Connected to: https://lgnhjzlbezpczlobeevu.supabase.co


In [20]:
# Test trafilatura on a single article
TEST_URL = "https://www.thehindu.com/news/national/tamil-nadu/encroachments-demolished-to-complete-new-bridge-across-kamadalam-river-near-arani/article70102100.ece"

print(f"🧪 Testing extraction on: {TEST_URL}\n")
print("="*60)

try:
    # Download HTML
    downloaded = trafilatura.fetch_url(TEST_URL)
    
    if downloaded:
        # Extract content
        content = trafilatura.extract(downloaded, include_comments=False, include_tables=False)
        
        if content:
            print("✅ Extraction Successful!\n")
            print(f"Content Length: {len(content)} characters")
            print(f"Word Count: ~{len(content.split())} words\n")
            print("First 500 characters:")
            print("-"*60)
            print(content[:500])
            print("-"*60)
        else:
            print("⚠️ Extraction returned empty content")
    else:
        print("❌ Failed to download page")
        
except Exception as e:
    print(f"❌ Error: {e}")

print("\n💡 If extraction worked, proceed. If failed, we'll need a custom scraper.")

🧪 Testing extraction on: https://www.thehindu.com/news/national/tamil-nadu/encroachments-demolished-to-complete-new-bridge-across-kamadalam-river-near-arani/article70102100.ece

✅ Extraction Successful!

Content Length: 2234 characters
Word Count: ~374 words

First 500 characters:
------------------------------------------------------------
The State Highways Department demolished encroachments on Arcot - Villupuram Main Road (SH-4) near old bus terminus in Arani town in Tiruvannamalai to lay bitumen approach roads as part of completion of the two-lane high level bridge across Kamadalam Naganathi river.
Officials of State Highways, which is constructing the bridge, said that most of the encroachments are houses and petty shops, which were built more than two decades ago. Encroached land near the bus terminus belongs to State Highwa
------------------------------------------------------------

💡 If extraction worked, proceed. If failed, we'll need a custom scraper.
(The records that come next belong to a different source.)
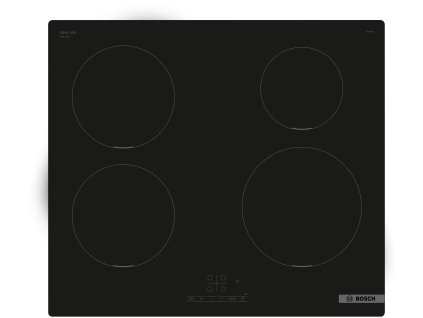 Serie | 4 Indukční varná deska 60 cm Černá, surface mount without frame PUE611BB5E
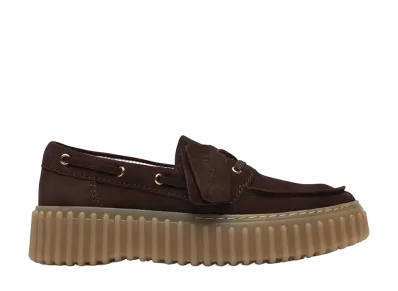 Clarks Torhill Boat "Dark Brown Suede"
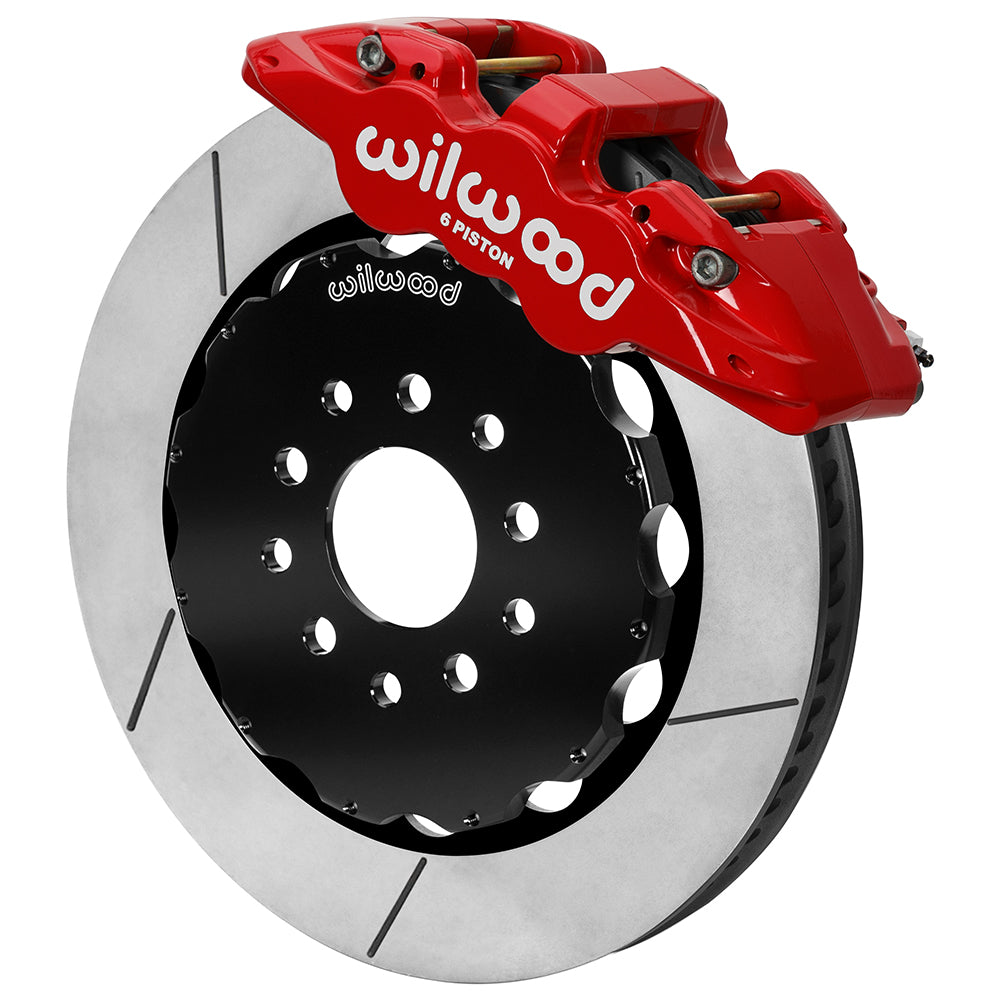 Wilwood - 1964–1981 A/F/X-Body, 1963–1982 Corvette, 1964–1970 Mustang | Ridetech, Art Morrison, Detroit Speed - AERO6 Big Brake Front Brake Kit - 14 inch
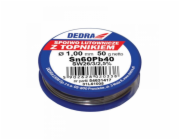 Dedra pájka s tavidlem Sn60Pb40 1mm 50g - 31L61005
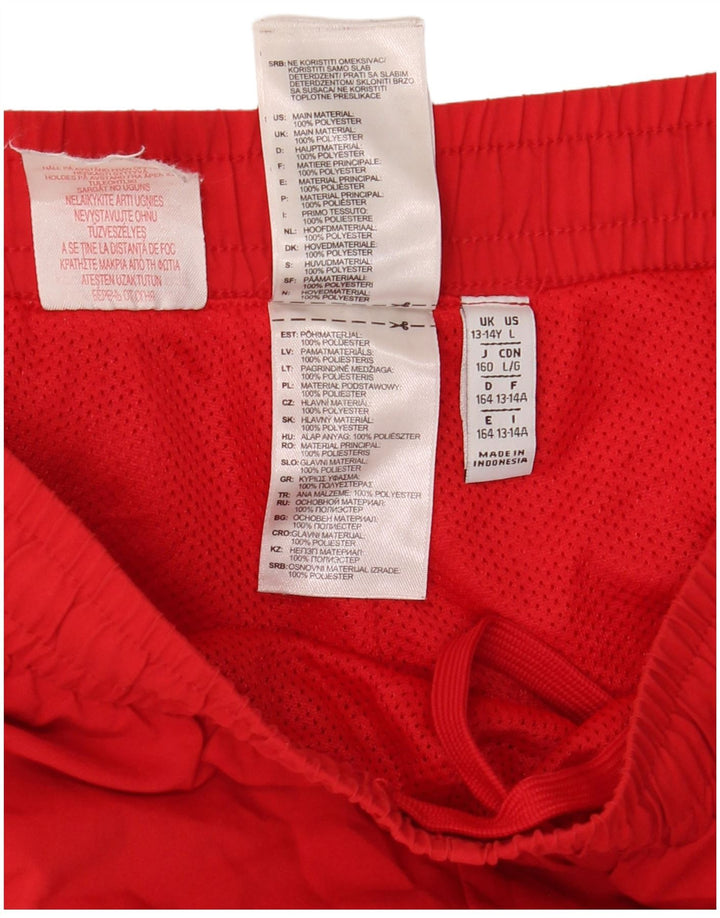 Adidas drenge sportsshorts 13-14 år rød polyester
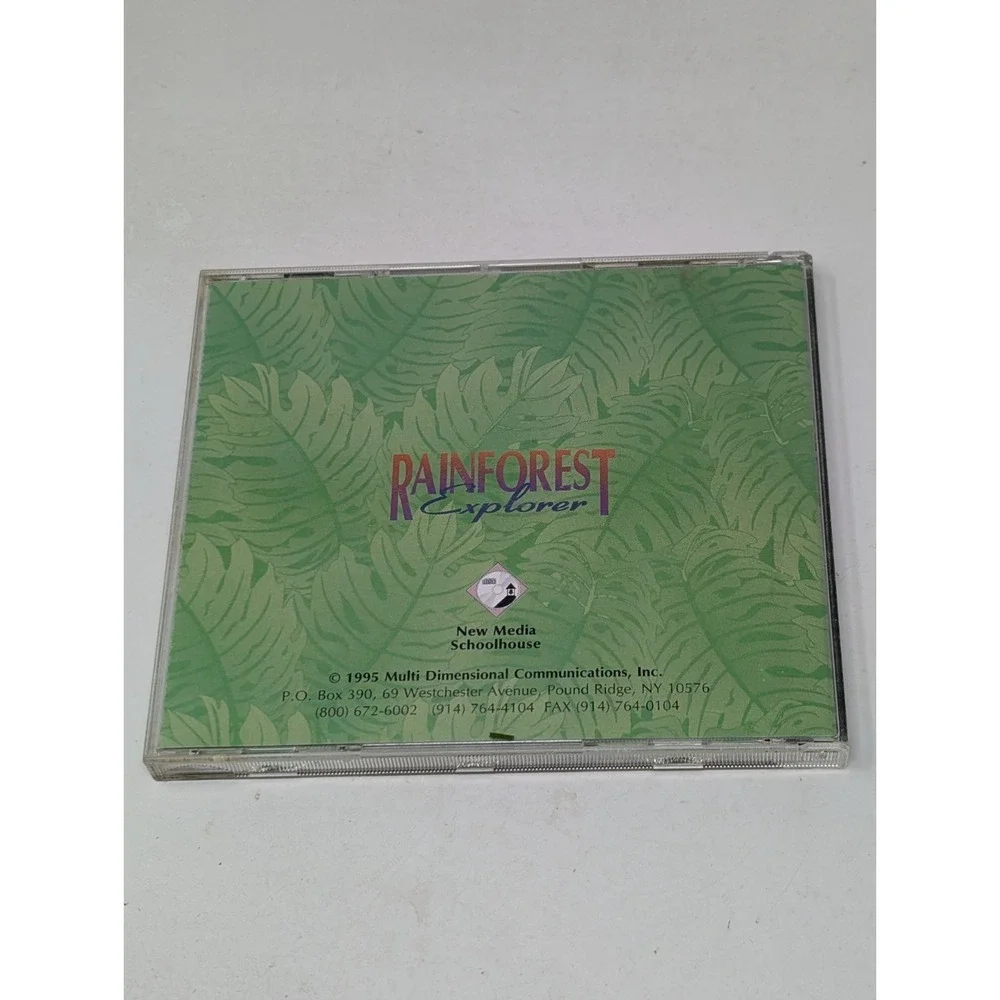 Rainforest Explorer Kids Game Software Apple‎ Macintosh Vintage 90s 1995 Mac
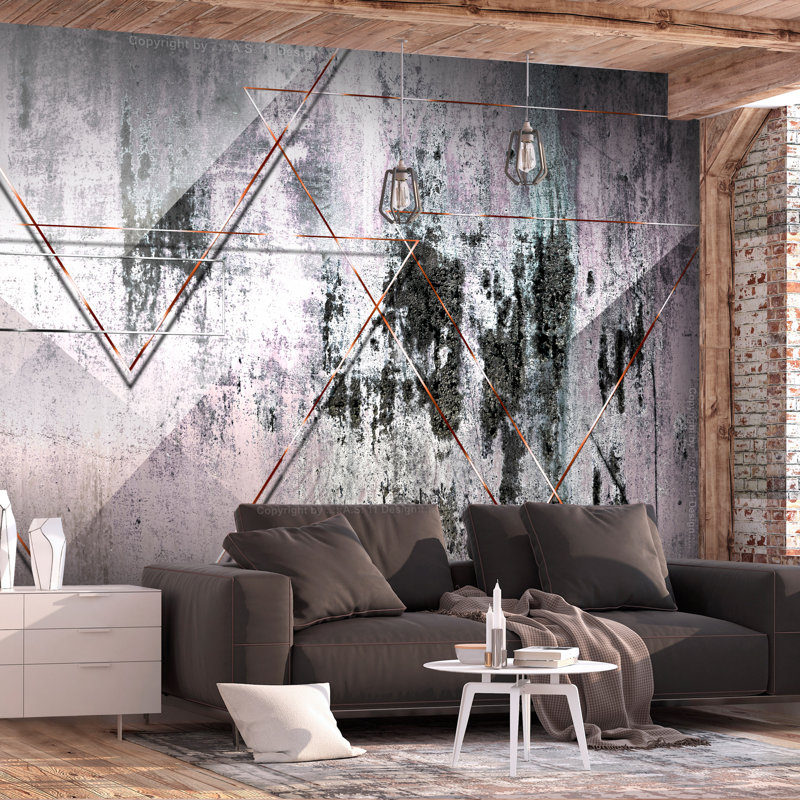 Murale géométrique, L 27,6 po x l 39,4 po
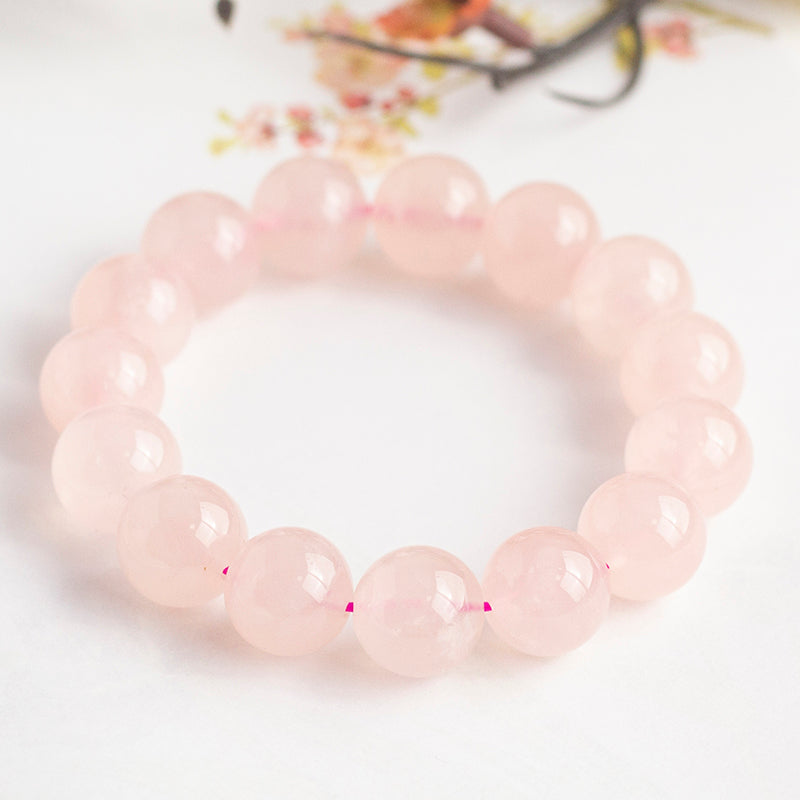 <You's jewelry>Exclusive customized rose quartz bracelet(14+)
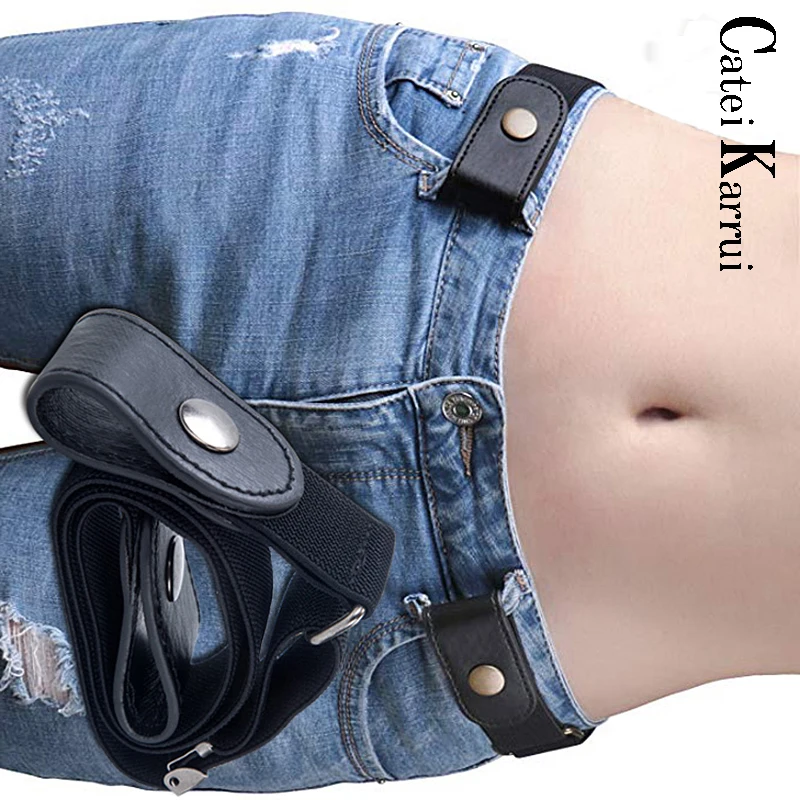 

Catei Karrui Buckle-free Elastic Women Belt for Jeans without Buckle Comfortable Invisible Belt No Bulge No Hassle new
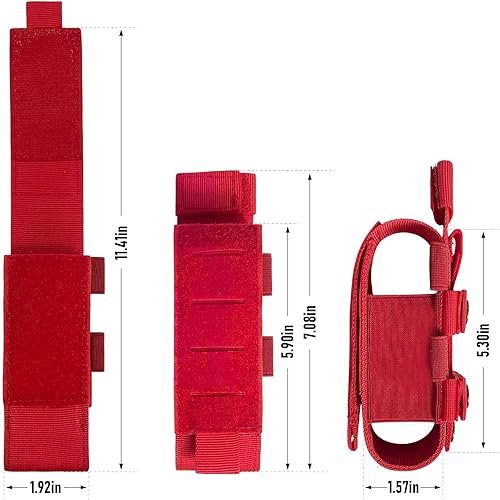 Miniatura 2 de Bolsa de torniquete Molle cortada con láser 1000D, funda médica táctica de la bolsa del torniquete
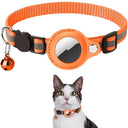 Reflective AirTag Safety Collar - Waterproof Durable Nylon Tracker Case for Dogs & Cats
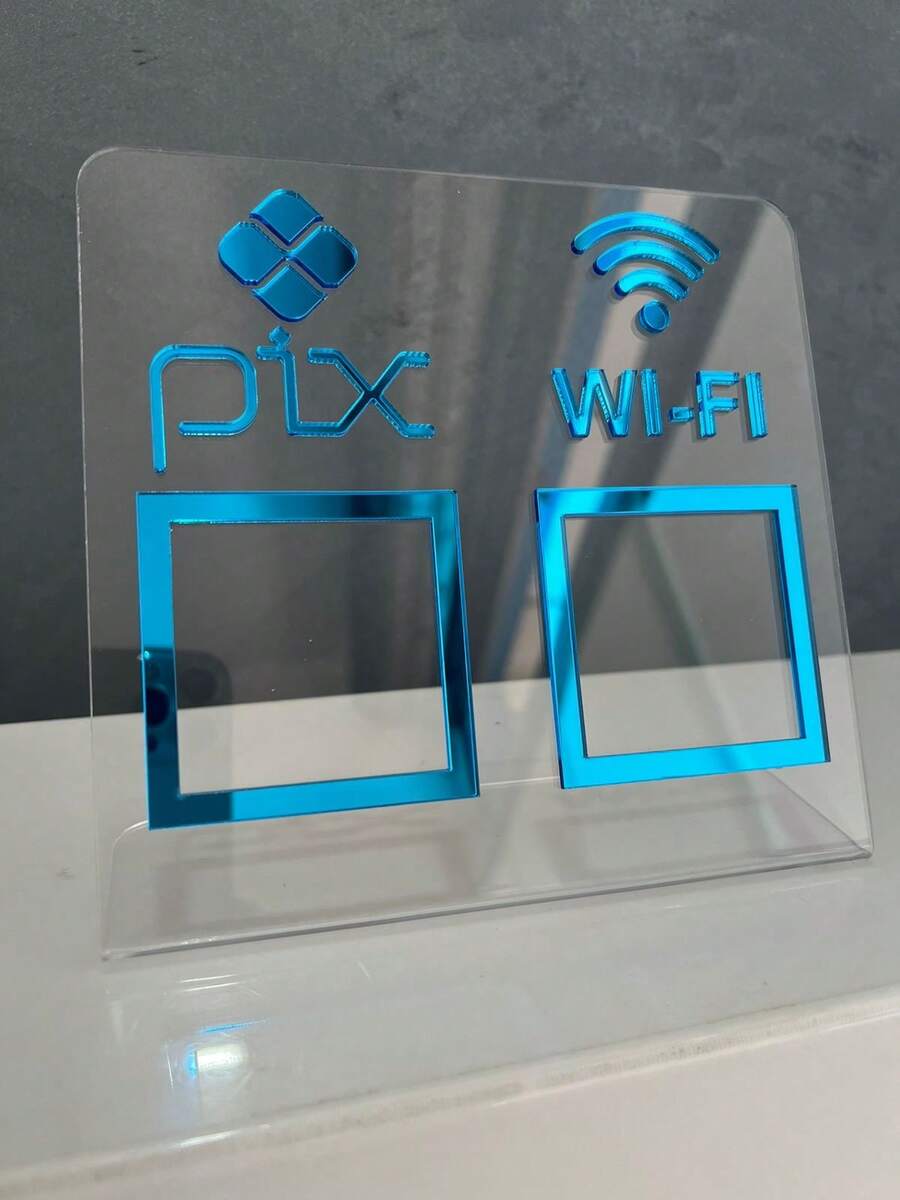 Pix Display Board Table Counter PIX And WI-FI - 藍色水晶 - 查看 1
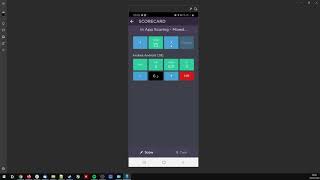 Enter a scorecard for yourself ONLY in igMember  App 2.1 screenshot 2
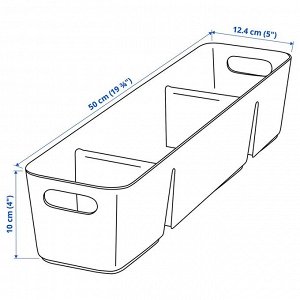 UPPDATERA, Коробка, антрацит, 50х12 см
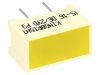 LED диод, жълт, 14x7.5mm, 9~31mcd, 20mA, 120°, THT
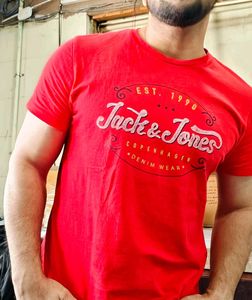 This is a Jack &amp; Jones Casual Tshirt In Red.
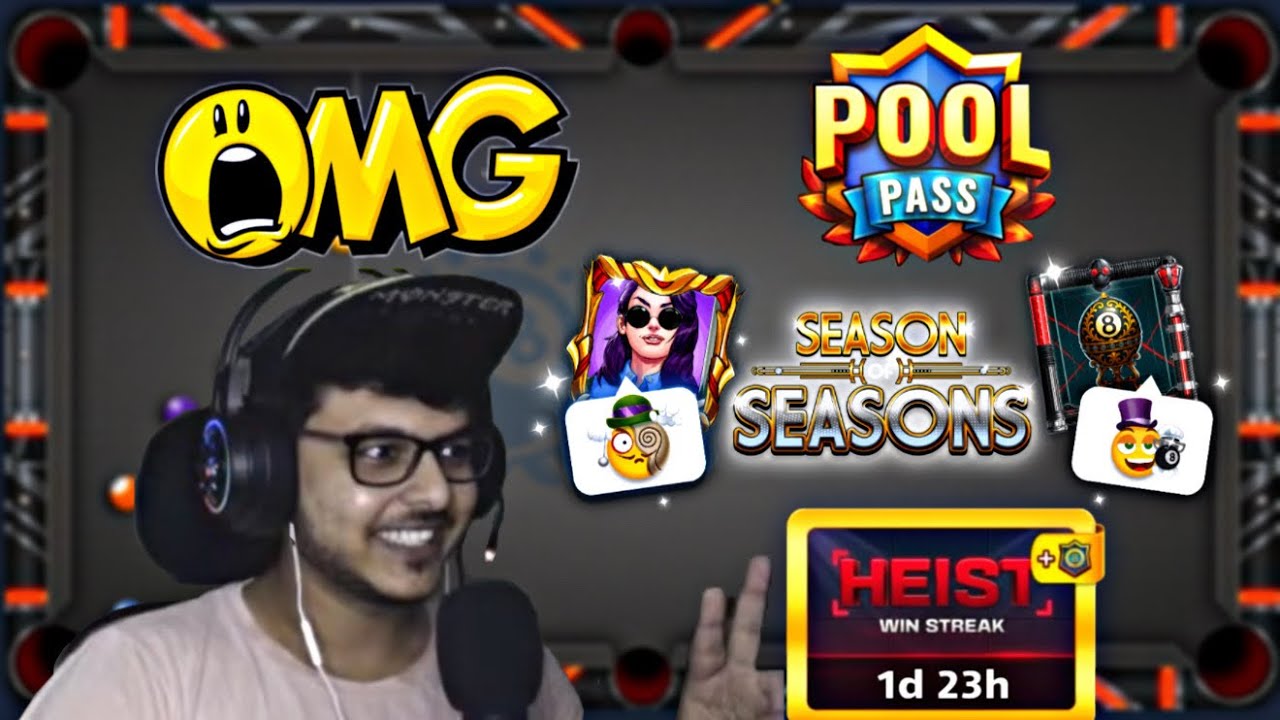 8 Ball Pool - Seasons of Seasons Event DESTROYED! Perfect Heist Win Streak Run👑💥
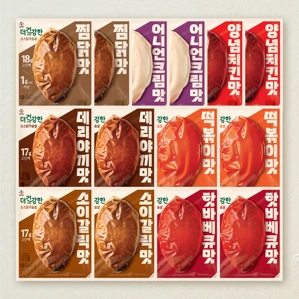 [무료배송]더건강한 소스닭가슴살 14개 세트(양념치킨+핫바베큐+데리야끼+어니언크림+소이갈릭+떡볶이+찜닭 각 2개씩)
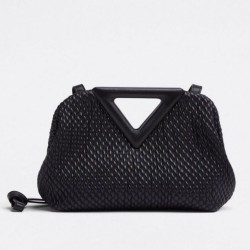 Miglior Falso Bottega Veneta Piccolo Point Borsa Nero Trapuntato Economiche Premium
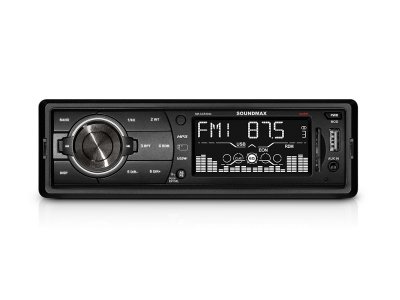    Soundmax SM-CCR3044  USB MP3 FM RDS SD MMC 1DIN 4x45  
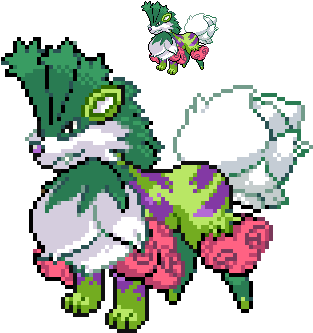 Ampharos Scizor Bayleef - Cartoon (378x358), Png Download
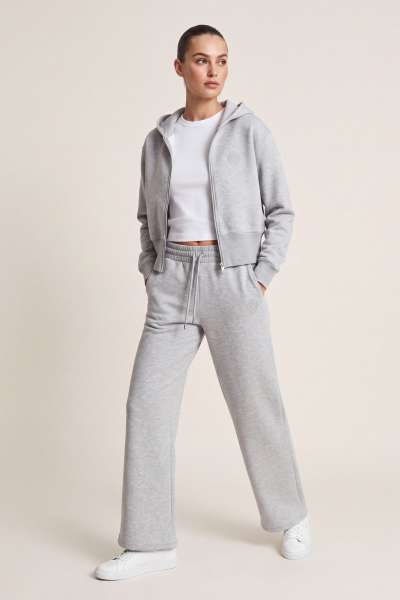 TRÉNINGNADRÁG GANT JERSEY SCUBA SWEATPANTS LIGHT GREY MELANGE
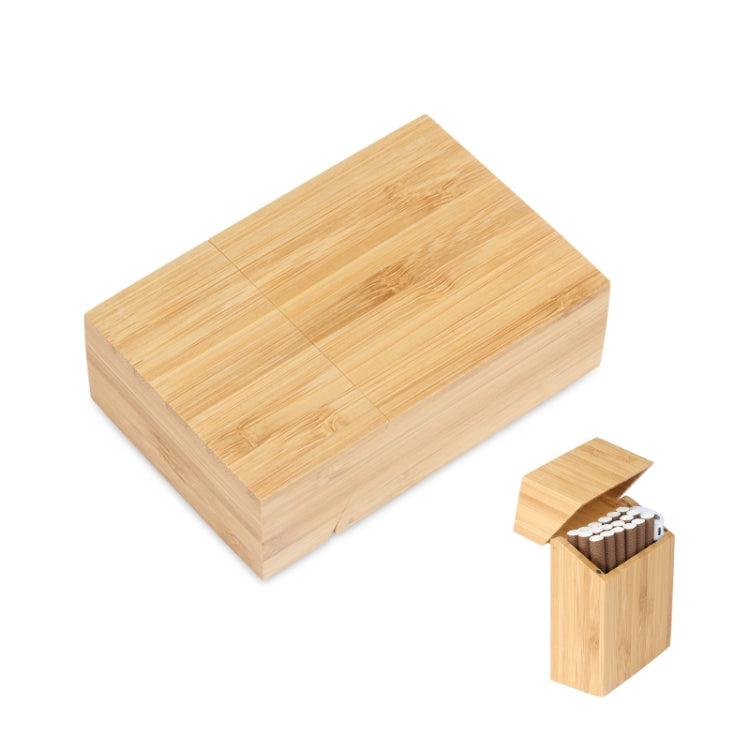 創意木質香煙盒磁鐵吸附翻蓋式煙盒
## Phase 2: Fetch Target Articles from Database

In [21]:
# Fetch all articles needing full-text scraping
print("📥 Fetching articles that need scraping...\n")

result = supabase.table('news_cleaned') \
    .select('id, title, link, source, category') \
    .eq('needs_full_scrape', True) \
    .execute()

articles_to_scrape = result.data

print("="*60)
print("📊 ARTICLES NEEDING SCRAPING")
print("="*60)
print(f"Total: {len(articles_to_scrape)} articles\n")

# Breakdown by source
df_scrape = pd.DataFrame(articles_to_scrape)
source_counts = df_scrape['source'].value_counts()

print("By Source:")
for source, count in source_counts.items():
    print(f"  {source}: {count}")

# Category breakdown
print("\nBy Category:")
category_counts = df_scrape['category'].value_counts()
for cat, count in category_counts.head(5).items():
    print(f"  {cat}: {count}")

print("\n💡 Recommendation: Start with 20 articles (10 archive + 10 RSS) for testing")

📥 Fetching articles that need scraping...

📊 ARTICLES NEEDING SCRAPING
Total: 462 articles

By Source:
  The Hindu - Archive: 462

By Category:
  Tamil Nadu: 144
  Madurai: 126
  Coimbatore: 102
  Chennai: 90

💡 Recommendation: Start with 20 articles (10 archive + 10 RSS) for testing


In [22]:
# Select test batch: 10 archive + 10 RSS
archive_articles = [a for a in articles_to_scrape if 'Archive' in a['source']][:10]
rss_articles = [a for a in articles_to_scrape if 'RSS' in a['source']][:10]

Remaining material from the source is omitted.